With a flourish that has Eliot roll his eyes, he holds the lighter over the trashcan, clicks it so it releases a spark and then jumps back as a three foot high flame jets into the air with a _woosh_ , bathing the entire apartment into an orange haze. It dies down after a couple of seconds, the flames slowly diminishing until Hardison finally gets up again and douses the remaining smoldering mess with the fire extinguisher, leaving nothing but acrid smoke, white foam and the stink of burning plastic.

‘So,’ he says, turning around to his partners. Who are watching in horror, fury and (in the case of Parker) a kind of worrying fascination. ‘Any questions?’

‘Let me guess,’ Eliot says slowly, through gritted teeth. ‘Company’s cutting corners. Circuit board and fabric is being made cheap, and either not being safety tested at all or the results are thrown out of the window. Company presents some false safety test results instead, gets all the approvals they need, releases the toy, boom. Profit.’

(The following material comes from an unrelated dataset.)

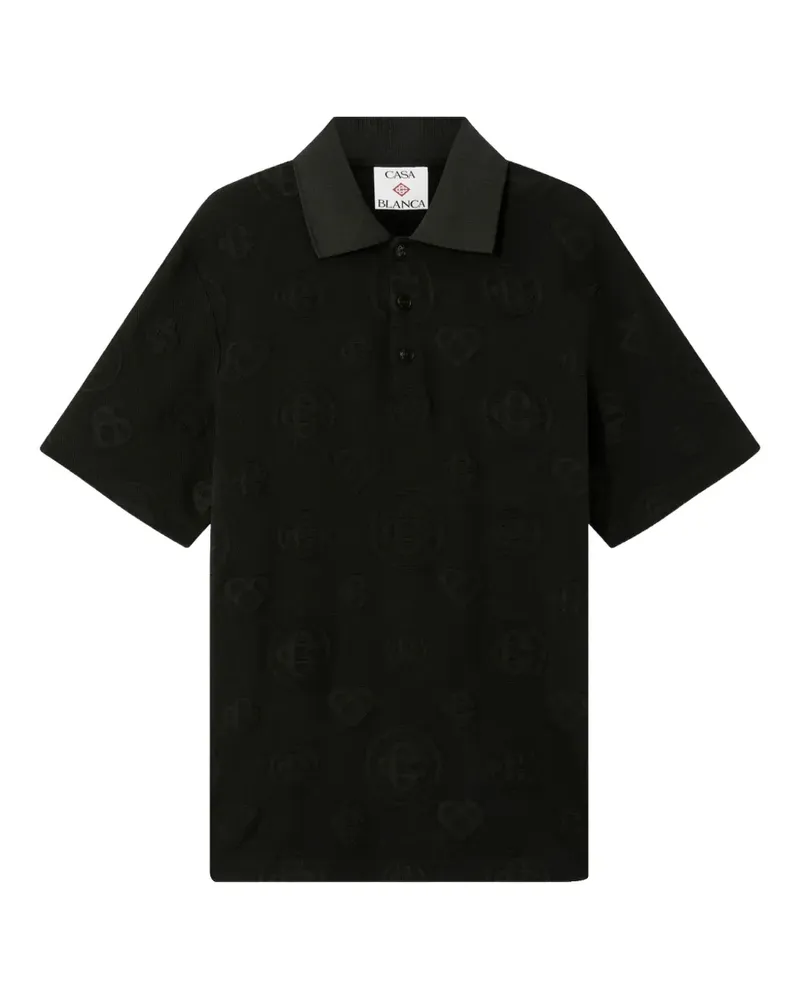 Casablanca Paris monogram-appliqué polo shirt - Schwarz Schwarz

‘And boom. Burning kids,’ Hardison adds, shrugging when Eliot glowers. ‘Yeah. That’s… yeah. That’s basically it. Two years ago, Oink Oink Inc was on the verge of bankruptcy. Now, after some extensive company reorganization, they’ve managed to become one of the leading competitors on the stuffed animal market. Which sounds a lot more adorable than it actually is.’

‘And the kids are payin’ the price,’ Eliot finishes. He sits back, drags a hand over his face. ‘Alright. Now, any ideas about burnin’ this company to the ground? _Not literally, Parker._ ’

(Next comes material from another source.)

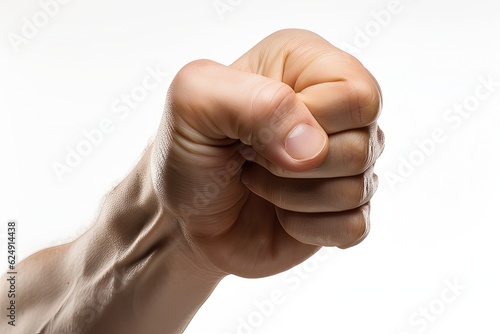 Fist of a man on a white background, close-up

Parker pouts, but only for a second. ‘I’ve got an idea. Hardison? What does Liam Leeman like to do?’

\---

The answer to that question is rather a surprise. But after Parker has been staring at the screen for a full minute, a puzzled frown on her brow, and after Eliot has hoisted himself back into his chair after a dramatic burst of laughter, Hardison explains with a sunny grin: ‘Liam Leeman, lady and gentleman, is an aspiring writer. Very much aspiring and also very very _bad_ at it. Here, look at this.’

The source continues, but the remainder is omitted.